Lesson #1: I jatigi ye jɔn ye? Who is your host?
There were two major reasons I traveled to the north, and neither of them involved getting stranded in a dirt field.
As I looked down at my map, I realized I had miscalculated. Odienné’s tiny airport was about an hour’s walk to the city center, and there were no cabs or mototaxis in sight. As I exited the building I saw everyone else get picked up by private vehicles that disappeared across the long, dusty road.
“Aw dansɛ ! Aw dansɛ !”/ I turned and saw an elderly couple being greeted by their family. Welcome, welcome— they were saying. This place already felt so different to the other regions I had traveled to in Côte d’Ivoire.
Two months before I moved to this country, I learned the basics of the Jula language with a teacher named Drissa. This was the first reason I visited the northwest: I wanted to embark on a linguistic pilgrimage and greet his village.
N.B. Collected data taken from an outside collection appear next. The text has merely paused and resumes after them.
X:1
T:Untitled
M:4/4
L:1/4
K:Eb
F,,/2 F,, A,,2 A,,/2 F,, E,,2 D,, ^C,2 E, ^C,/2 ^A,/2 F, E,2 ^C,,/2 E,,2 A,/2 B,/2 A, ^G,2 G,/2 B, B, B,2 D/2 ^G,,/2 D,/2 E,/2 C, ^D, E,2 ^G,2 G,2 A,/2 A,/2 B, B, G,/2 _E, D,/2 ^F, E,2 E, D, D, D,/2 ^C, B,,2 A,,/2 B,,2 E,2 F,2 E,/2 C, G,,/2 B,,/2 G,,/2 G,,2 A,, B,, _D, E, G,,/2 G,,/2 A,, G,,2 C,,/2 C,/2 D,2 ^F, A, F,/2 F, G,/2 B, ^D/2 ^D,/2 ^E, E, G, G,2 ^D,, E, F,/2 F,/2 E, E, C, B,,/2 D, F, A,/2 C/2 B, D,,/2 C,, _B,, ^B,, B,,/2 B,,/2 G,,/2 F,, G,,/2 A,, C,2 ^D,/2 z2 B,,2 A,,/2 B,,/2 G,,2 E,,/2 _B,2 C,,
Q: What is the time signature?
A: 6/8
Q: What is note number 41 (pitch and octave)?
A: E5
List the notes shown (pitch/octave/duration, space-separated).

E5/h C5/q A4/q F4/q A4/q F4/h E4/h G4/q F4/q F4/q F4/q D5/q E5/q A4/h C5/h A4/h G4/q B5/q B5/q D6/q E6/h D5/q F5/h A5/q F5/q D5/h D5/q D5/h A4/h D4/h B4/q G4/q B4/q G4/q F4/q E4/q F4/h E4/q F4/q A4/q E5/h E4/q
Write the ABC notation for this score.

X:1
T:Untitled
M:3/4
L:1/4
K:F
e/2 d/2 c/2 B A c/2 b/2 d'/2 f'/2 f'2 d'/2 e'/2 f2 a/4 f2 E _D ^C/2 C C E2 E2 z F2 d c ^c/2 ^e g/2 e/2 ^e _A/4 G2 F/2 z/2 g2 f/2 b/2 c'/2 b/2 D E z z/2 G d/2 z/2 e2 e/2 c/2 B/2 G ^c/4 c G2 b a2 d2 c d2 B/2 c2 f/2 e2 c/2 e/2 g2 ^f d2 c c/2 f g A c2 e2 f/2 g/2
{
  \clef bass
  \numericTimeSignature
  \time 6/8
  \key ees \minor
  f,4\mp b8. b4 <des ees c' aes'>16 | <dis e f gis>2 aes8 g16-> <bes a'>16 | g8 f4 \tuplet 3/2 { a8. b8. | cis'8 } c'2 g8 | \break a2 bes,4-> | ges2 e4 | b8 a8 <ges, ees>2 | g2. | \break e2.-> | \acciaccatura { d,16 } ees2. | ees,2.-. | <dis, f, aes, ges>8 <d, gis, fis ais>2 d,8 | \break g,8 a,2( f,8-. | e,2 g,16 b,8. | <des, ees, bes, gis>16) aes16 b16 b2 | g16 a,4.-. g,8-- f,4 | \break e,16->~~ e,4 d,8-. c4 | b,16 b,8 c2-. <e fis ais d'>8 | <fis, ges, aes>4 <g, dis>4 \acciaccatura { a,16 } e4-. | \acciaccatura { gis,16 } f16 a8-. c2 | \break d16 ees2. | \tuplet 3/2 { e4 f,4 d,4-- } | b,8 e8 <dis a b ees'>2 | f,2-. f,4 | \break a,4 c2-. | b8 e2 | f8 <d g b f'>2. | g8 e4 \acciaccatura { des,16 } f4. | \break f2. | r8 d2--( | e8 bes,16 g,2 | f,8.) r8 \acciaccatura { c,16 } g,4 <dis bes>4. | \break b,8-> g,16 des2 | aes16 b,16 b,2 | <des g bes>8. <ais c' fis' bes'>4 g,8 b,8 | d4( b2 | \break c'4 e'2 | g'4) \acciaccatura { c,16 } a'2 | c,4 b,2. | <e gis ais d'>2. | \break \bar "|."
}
So of course, saying I was stranded is an overstatement. I could have done more planning (as always), but it wouldn’t have been a true solo trip (in my opinion) without the few ounces of spontaneity added into it. In reality, I did have a few phone numbers I could call. The problem was that those numbers belonged to people I didn’t really know yet, who lived in villages far from the city. I also had some (probably irrational) anxiety that my request would not be so well-received (i.e. random Westerner shows up one day and demands Ivorians for a ride from the airport because he’s an incompetent travel planner :0 ).
To be fair, rural West Africa can be notoriously difficult to navigate as a solo traveler. You can’t just go on the Internet and find an organized tour. You have to know somebody. In the Jula language, the term jatigi refers to your host or your guide, but I get the impression that it means more than than just a glorified tour guide. I’ve found that people can go to great lengths here to serve you: arranging the best price, acting as your interpreter and spokesperson, and exhibiting hospitality in the highest sense.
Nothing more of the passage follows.